MD 104 begins at a three-way intersection with MD 108 in the hamlet of Jonestown on the northern edge of the Columbia village of Long Reach. MD 108 heads southeast as a continuation of Waterloo Road toward Jessup and west as Old Annapolis Road, which provides access to Howard High School and ramps to and from eastbound MD 100. MD 104 heads north as a four-lane undivided highway across MD 100 to a roundabout where the state highway intersects ramps to and from westbound MD 100. MD 104 reduces to two lanes and passes through a suburban area on the southern edge of Ellicott City, where the highway reaches its northern terminus at MD 103 (Montgomery Road), which heads southeast toward Elkridge and northwest toward downtown Ellicott City.

==History==
Waterloo Road was built as a macadam road in 1932 from U.S. Route 1 (US 1) in Jessup north to MD 103 in Ellicott City; the highway was designated MD 531. MD 531 was replaced with a northern extension of MD 175 from Jessup to Ellicott City by 1946. Old Annapolis Road was designated MD 539 in 1956; that highway became part of an extended MD 108 in 1960 when US 29 was moved to Columbia Pike from Silver Spring to Ellicott City.

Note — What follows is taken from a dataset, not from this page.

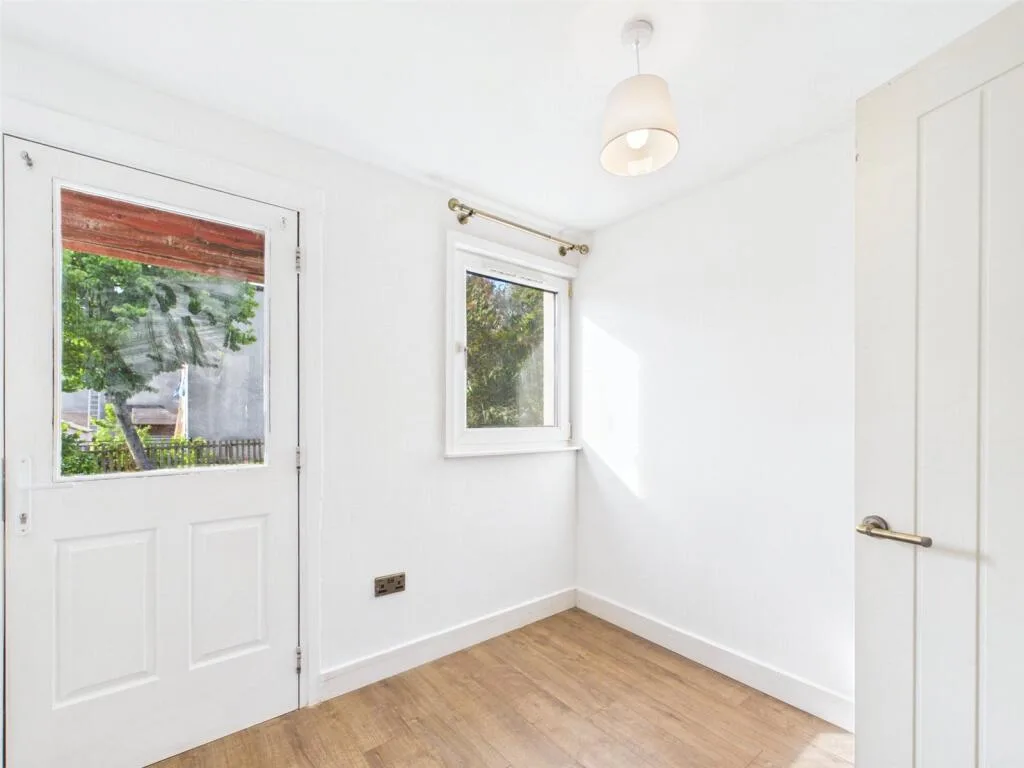 1 bedroom house for rent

After MD 175 was rerouted along Little Patuxent Parkway (now named Rouse Parkway) from west of Interstate 95 (I-95) to Columbia Town Center around 1977, MD 108 was extended east to its present terminus near I-95. The portion of Waterloo Road between MD 108 and MD 103 was designated MD 104 by 1979. When MD 100 was under construction between MD 104 and I-95 in the late 1990s, a standard intersection with MD 104 served as the eastern terminus of the two-lane, disjoint section of MD 100 between US 29 and MD 104. MD 104's interchange with MD 100 was completed in 1998 concurrent with the portion of the freeway from MD 104 to I-95.

==Junction list==

| Location | mi | km | Destinations | Notes |
| Columbia | 0.00 | 0.00 | MD 108 (Old Annapolis Road/Waterloo Road) to MD 100 east – Jessup, Glen Burnie | Southern terminus |
| Ellicott City | 0.16 | 0.26 | MD 100 west – Ellicott City | Exit 2 (MD 100); access to and from westbound MD 100; roundabout |
| 1.14 | 1.83 | MD 103 (Montgomery Road) – Downtown Ellicott City, Elkridge | Northern terminus |
1.000 mi = 1.609 km; 1.000 km = 0.621 mi Incomplete access;

==Auxiliary route==
MD 104A is the designation for the 0.16 mi section of Oak Run Way between MD 104 and the residential subdivision the street serves immediately north of MD 104's interchange with MD 100.